Lastly, the company's Online and Catalog Sales and Retail division operates mail-order office supply businesses, including Kaunet in Japan, Easy Buy in China, and Actus in Europe. This division also includes a wholesale business supplying office supplies, office and office automation equipment, school supplies, and office furniture. Headquartered in Osaka, Kokuyo is led by president and CEO Hidekuni Kuroda, great-grandson of the company founder Zentaro Kuroda.
Zentaro Kuroda was a native of a small village in Etchu Province, which later became Toyama Prefecture. At the age of 19, Kuroda left home to find work in Osaka. In 1905, when Kuroda was 26 years old, he founded his own business, a small shop producing covers for traditional Japanese account ledgers, known as wacho. Kuroda's business, located in Minami-Horie, Nishi-ku, Osaka, was called, appropriately enough, Kuroda Hyoshi-ten (Kuroda Cover Shop).
A more important development came in 1908, when Kuroda expanded his business to include the production of the entire wacho account ledger. Although this activity placed Kuroda in head-to-head competition with more well-established competitors, Kuroda's willingness to innovate enabled him to establish himself among the local leaders. For one, Kuroda recognized that, as the Japanese traded their traditional brushes for ink pens, the paper used in the ledgers would have to be adapted as well. Kuroda turned to a local paper manufacturer to develop a heavyweight paper with a smoother surface to accommodate the finer nibs of ink pens.

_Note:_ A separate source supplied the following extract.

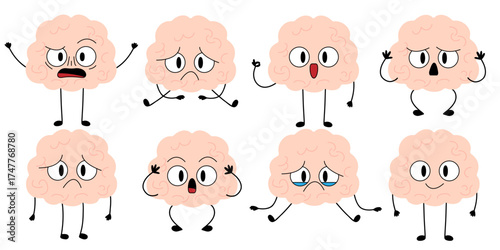 Brain cartoon character. Brain with low charge, tired, depression, burnout, lack energy and power with high energy. Stock vector illustration isolated on white background.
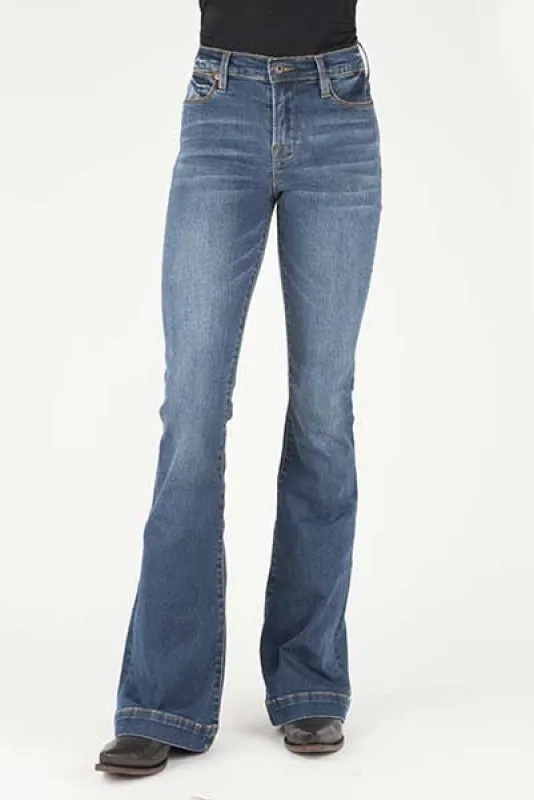 Stetson 921 High Waist Flare Fit (Brown/Medium Wash) - Women's Jeans sold by Hat Country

Kuroda also spotted an opportunity in the drive to persuade Japanese business to abandon Japanese-style accounting methods in favor of the Western-style double-entry bookkeeping system. Even though Japanese businesses were slow to complete the transition, Kuroda recognized that the Western accounting system would eventually become established as the norm in Japan. In preparation for this, in 1913 Kuroda became one of the first in Japan to begin producing Western-style ledgers. At the same time, Kuroda converted his own company's accounting system to the double-entry system, then used this experience to expand the company's production to encompass a variety of other office paper products, including vouchers, invoices, and writing papers. By 1914 Kuroda already had 60 employees.
Kuroda developed a number of successful products throughout the decade, including its first stationery pads in 1914 and the introduction of the company's Shokansen “letter paper,” featuring paper developed by the company in partnership with another paper manufacturer. In the meantime, the sales of the company's Western-style ledgers had taken off, permitting the company to shift production of this product to a dedicated factory in 1917.
In that year, Kuroda introduced the company's brand name and trademark, Kokuyo. The name and its incorporation of the Japanese word yo (honor) referred to Kuroda's promise to bring honor to his hometown when he first left home. Kuroda made good on this promise, expanding the company as the leading supplier of ledgers and other paper office supplies in western Japan in the post–World War I period.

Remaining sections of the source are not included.